[Rd] problems with [.terms

2021-08-21 Thread Therneau, Terry M., Ph.D. via R-devel
The survival package uses [.terms a fair bit, in particular it makes use of the 
index 
returned in the 'specials' attribute, but the base R code has at least two 
problems.
First, it does not account for offset terms, if present, and also fails for a 
formula such 
as  y ~ age + (sex=='male').   Yes, the user should have used I(sex=='male'), 
but they 
very often don't and the formula works fine without it, but not [.terms. 
Users of 
coxph regularly remind me of these flaws :-)

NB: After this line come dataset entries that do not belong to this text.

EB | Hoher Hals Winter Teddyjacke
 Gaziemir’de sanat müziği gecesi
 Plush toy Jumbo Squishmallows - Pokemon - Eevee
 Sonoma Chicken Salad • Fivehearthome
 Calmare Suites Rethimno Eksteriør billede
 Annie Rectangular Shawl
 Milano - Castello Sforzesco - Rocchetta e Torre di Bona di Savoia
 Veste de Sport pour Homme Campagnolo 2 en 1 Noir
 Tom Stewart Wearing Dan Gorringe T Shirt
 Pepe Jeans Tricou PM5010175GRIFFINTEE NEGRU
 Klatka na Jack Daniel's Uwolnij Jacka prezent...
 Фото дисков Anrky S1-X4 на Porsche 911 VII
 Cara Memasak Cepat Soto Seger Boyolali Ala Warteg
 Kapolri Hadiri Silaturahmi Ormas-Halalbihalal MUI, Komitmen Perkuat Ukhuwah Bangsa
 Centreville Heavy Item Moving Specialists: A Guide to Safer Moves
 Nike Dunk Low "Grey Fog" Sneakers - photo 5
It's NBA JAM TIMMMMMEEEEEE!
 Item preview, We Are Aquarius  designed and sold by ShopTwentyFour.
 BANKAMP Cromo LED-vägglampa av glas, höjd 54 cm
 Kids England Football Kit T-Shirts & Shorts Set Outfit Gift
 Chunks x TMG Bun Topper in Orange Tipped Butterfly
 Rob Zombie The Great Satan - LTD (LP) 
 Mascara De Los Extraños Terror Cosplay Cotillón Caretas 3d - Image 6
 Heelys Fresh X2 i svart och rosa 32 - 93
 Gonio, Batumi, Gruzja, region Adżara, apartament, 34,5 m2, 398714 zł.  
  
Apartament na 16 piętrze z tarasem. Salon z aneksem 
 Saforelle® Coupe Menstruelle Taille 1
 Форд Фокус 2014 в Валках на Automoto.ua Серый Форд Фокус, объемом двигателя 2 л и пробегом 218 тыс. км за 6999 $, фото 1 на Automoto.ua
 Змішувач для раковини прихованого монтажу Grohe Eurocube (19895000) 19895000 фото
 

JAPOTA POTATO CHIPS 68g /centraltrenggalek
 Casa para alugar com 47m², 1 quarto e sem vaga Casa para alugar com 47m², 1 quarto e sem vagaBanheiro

I first reported this in a bugzilla in 2016.   I think that I (finally) have a 
working fix 
for all the issues.   This is found below in an Sweave document (which is short 
enough 
that I've pasted it directly in) along with some further discussion.   Three 
particular 
questions are 1: my solution for (sex=="male") is a bit of a hack, but it works 
and I 
don't see anything better that is simple, and 2: we should then add 
documentation that 
both [.terms and drop.terms also remove any offset() terms.  (This is currently 
true 
anyway.) and 3. Whether this will break other code the currently works around 
the flaws.

If this looks good I could try to create a formal patch, though that is not 
something I 
have done before.

Terry T.

--
\documentclass [11pt]{article}
\newcommand{\code}[1]{\texttt{#1}}

\title{Subscripting a terms object}
\author{Terry Therneau}
\begin{document}
\maketitle
<>=
options(continue=' ')
@

\section{Introduction}
The survival package makes use of the the subscripting method for terms.
Consider the following code:
<>=
library(survival)
fit1 <- coxph(Surv(time, status) ~ age + strata(inst), data=lung)
Terms <- terms(fit1)
@

In a Cox model the strata term acts as a per-institution intercept, but it
is not a part of the $X$ matrix.
There are two strategies:
\begin{itemize}
   \item If there are strata by covariate interactions, the strata columns
 are removed from the $X$ matrix after the call to model.matrix.
 They (and the intercept) are necessary to correctly form interactions.
   \item If there are no strata by covariate interactions, the strata term is
 removed from the terms object before calling model.matrix.
 Some models may have thousands of strata, a nested case-control design for
 instance, so this is important for efficiency.
\end{itemize}

The approach is to add \code{specials='strata'} to our call to \code{terms},
which causes any strata call to be marked: the \code{specials} attribute
of the terms object will then contain 3 for the example above (the specials
index counts the response),
and \code{Terms[-2]} will create a version without the strata term.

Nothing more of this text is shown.